Robin Gauter, Auchan : ‘’Nous avons souhaité nous rapprocher de nos clients’’

Au même titre que les commerçants, le ministre du Commerce a également reçu hier les grands distributeurs tels que Casino et Exclusive et surtout Auchan, le principal concerné. Ignorant la polémique, le représentant cette société française Robin Gauter a soutenu que pour ce qui est de la promotion des produits locaux, ils sont en train de travailler avec le ministre du Commerce pour trouver une définition de ce qui est un produit sénégalais.
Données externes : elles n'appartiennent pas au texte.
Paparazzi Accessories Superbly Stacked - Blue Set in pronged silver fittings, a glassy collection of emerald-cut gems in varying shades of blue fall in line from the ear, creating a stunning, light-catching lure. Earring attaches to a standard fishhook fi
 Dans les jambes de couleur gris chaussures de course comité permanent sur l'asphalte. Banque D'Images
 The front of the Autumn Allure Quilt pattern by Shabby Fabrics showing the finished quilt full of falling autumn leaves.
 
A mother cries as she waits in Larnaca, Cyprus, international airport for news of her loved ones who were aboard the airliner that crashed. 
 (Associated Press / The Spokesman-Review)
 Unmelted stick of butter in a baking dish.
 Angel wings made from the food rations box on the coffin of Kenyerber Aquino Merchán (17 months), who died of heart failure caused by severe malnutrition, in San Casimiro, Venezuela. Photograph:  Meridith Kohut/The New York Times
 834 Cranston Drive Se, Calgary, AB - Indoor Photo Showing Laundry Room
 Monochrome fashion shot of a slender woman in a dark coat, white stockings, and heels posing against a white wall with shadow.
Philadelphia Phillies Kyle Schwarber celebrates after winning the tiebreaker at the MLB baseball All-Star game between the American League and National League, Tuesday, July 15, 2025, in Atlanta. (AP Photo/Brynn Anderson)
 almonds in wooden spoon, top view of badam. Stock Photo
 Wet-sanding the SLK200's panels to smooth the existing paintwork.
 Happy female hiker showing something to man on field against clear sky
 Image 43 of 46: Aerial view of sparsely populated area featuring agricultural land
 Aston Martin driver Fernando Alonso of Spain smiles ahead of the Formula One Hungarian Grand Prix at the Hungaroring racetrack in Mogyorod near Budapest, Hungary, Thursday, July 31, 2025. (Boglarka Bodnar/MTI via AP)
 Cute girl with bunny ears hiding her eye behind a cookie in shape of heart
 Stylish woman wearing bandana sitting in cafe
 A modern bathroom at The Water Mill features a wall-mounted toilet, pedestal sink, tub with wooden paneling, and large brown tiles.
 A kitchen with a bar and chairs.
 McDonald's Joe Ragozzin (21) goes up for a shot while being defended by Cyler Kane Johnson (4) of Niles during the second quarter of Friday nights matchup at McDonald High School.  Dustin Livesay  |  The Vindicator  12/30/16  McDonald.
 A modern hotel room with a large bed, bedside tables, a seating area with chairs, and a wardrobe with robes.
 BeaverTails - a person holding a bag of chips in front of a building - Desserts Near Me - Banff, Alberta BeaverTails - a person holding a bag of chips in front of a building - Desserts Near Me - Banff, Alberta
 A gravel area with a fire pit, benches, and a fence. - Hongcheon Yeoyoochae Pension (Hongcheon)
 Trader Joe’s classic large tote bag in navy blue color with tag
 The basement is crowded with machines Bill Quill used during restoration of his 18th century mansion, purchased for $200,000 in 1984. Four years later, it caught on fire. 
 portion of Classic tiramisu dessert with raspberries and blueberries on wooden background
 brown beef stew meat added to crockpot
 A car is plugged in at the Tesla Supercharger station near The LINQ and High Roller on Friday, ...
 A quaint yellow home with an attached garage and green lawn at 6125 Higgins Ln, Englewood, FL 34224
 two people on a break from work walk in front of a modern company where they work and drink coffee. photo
‘’Nous sommes au Sénégal et nous souhaitons nous inscrire dans ce made in Sénégal pour la promotion des produits locaux et nous inscrire dans la durée en tant qu’employeur. Nous allons continuer à nous lancer dans le développement gagnant-gagnant avec toutes les parties prenantes du marché. Nous serons également du côté du législateur, pour accompagner dans les deux sens le développement du commerce au Sénégal’’, a-t-il déclaré. Sur la vente de détails, M. Gauter a dit qu’ils ont étudié le marché sénégalais en arrivant ici. ‘’Nous avons souhaité nous rapprocher de nos clients. Les clients sénégalais n’ont pas toujours un gros budget et notamment en milieu du mois et souhaitent parfois acheter en quantités. Et nous avons souhaité, en tant qu’acteurs de la grande distribution, répondre à leurs besoins’’, a-t-il fait savoir.